Chinese journalist and politician (1938–2019)

He Shaochuan (何少川, May 1938 – January 22, 2019), a Chinese politician and author from Quanzhou, Fujian, who used the pseudonym Xiao Quan. He previously held the positions of Deputy Party Secretary of the Fujian Provincial Committee of the Chinese Communist Party and Vice Chairman of the Fujian Provincial Committee of the Chinese People's Political Consultative Conference (CPPCC).

== Biography ==
In September 1956, He commenced his studies in Chinese Language and Literature at the Department of Chinese, Xiamen University. In February 1959, he commenced his career as a teaching assistant at the university and thereafter served as a cadre in the university's Party Committee Publicity Department. In September 1962, he was reassigned to serve as an editor at Fujian Daily.

Beginning in June 1976, he held successive positions as Head of the General Editor's Office, deputy director of the Industry and Commerce Department, and Deputy Editor-in-Chief of Fujian Daily. In August 1983, he was designated as the minister of the Publicity Department of the Fujian Provincial Committee of the Chinese Communist Party. Beginning in June 1985, he held the positions of member of the Standing Committee of the Fujian Provincial Party Committee, minister of the Publicity Department, and chairman of the Fujian Provincial Federation of Social Sciences. In July 1994, he was elevated to Deputy Secretary of the Provincial Party Committee while concurrently serving as Chairman of the Federation of Social Sciences.

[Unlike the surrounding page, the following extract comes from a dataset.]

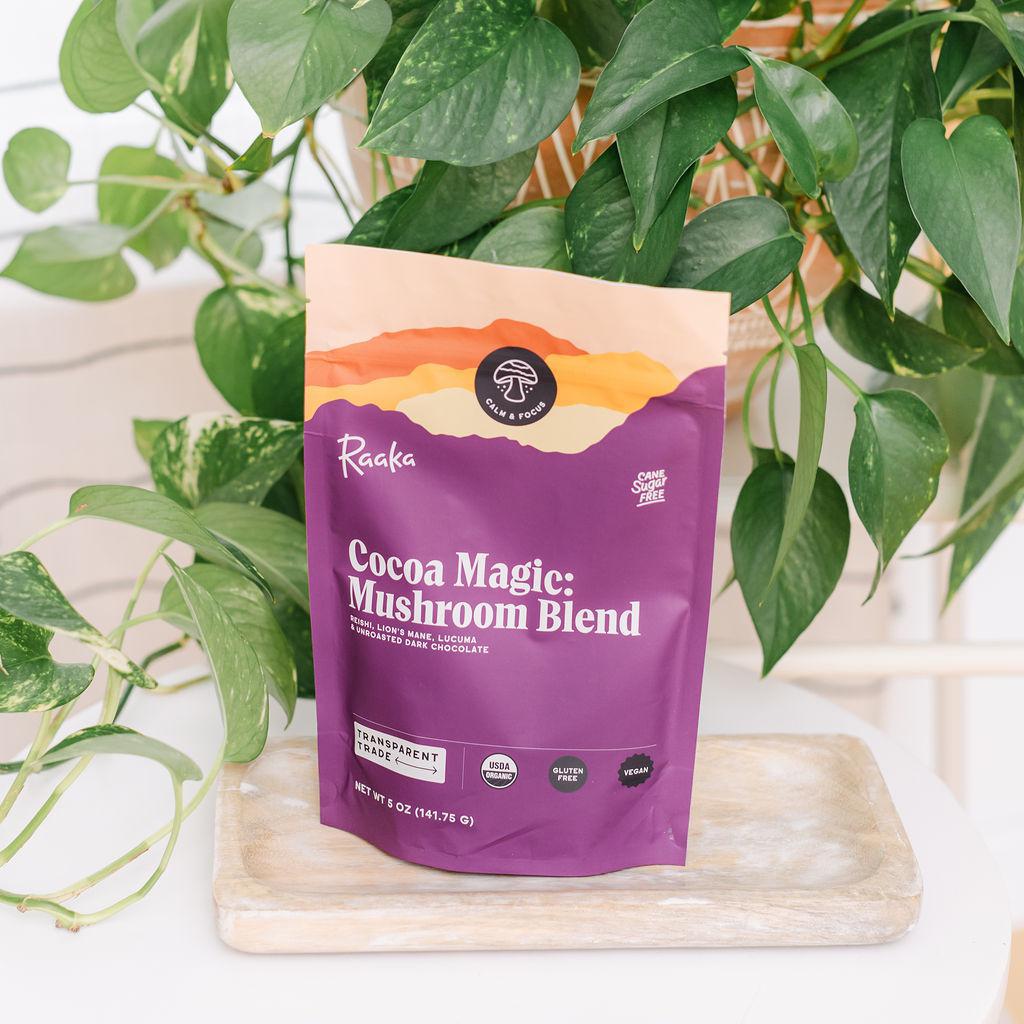 Cocoa Magic Mushroom Blend Hot Chocolate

Since December 1994, he has concurrently held the position of president of the Fujian Party School. Since April 1996, he also assumed the role of Head of the Publicity Department and served as a Special Advisor to the China Council for the Promotion of International Trade (CCPIT) Fujian Committee.

In February 2001, he assumed the roles of vice chairman and deputy secretary of the leading party group of the Fujian Provincial Committee of the Chinese People's Political Consultative Conference, while also serving as a special advisor to the CCPIT Fujian Committee. Beginning in March 2003, he held the position of deputy director of the Committee for Liaison with Hong Kong, Macao, Taiwan and Overseas Chinese, as well as President of the Fujian Yanhuang Culture Research Association. Since April 2008, he has simultaneously held the position of Honorary President of the Fujian Disabled Persons’ Federation.

He served as a delegate to the 8th and 9th National People's Congress, was a member of the 4th, 5th, and 6th Fujian Provincial Committee of the Chinese Communist Party, and participated in the 10th National Committee of the CPPCC.

He Shaochuan died in Fuzhou on January 22, 2019, at the age of 82.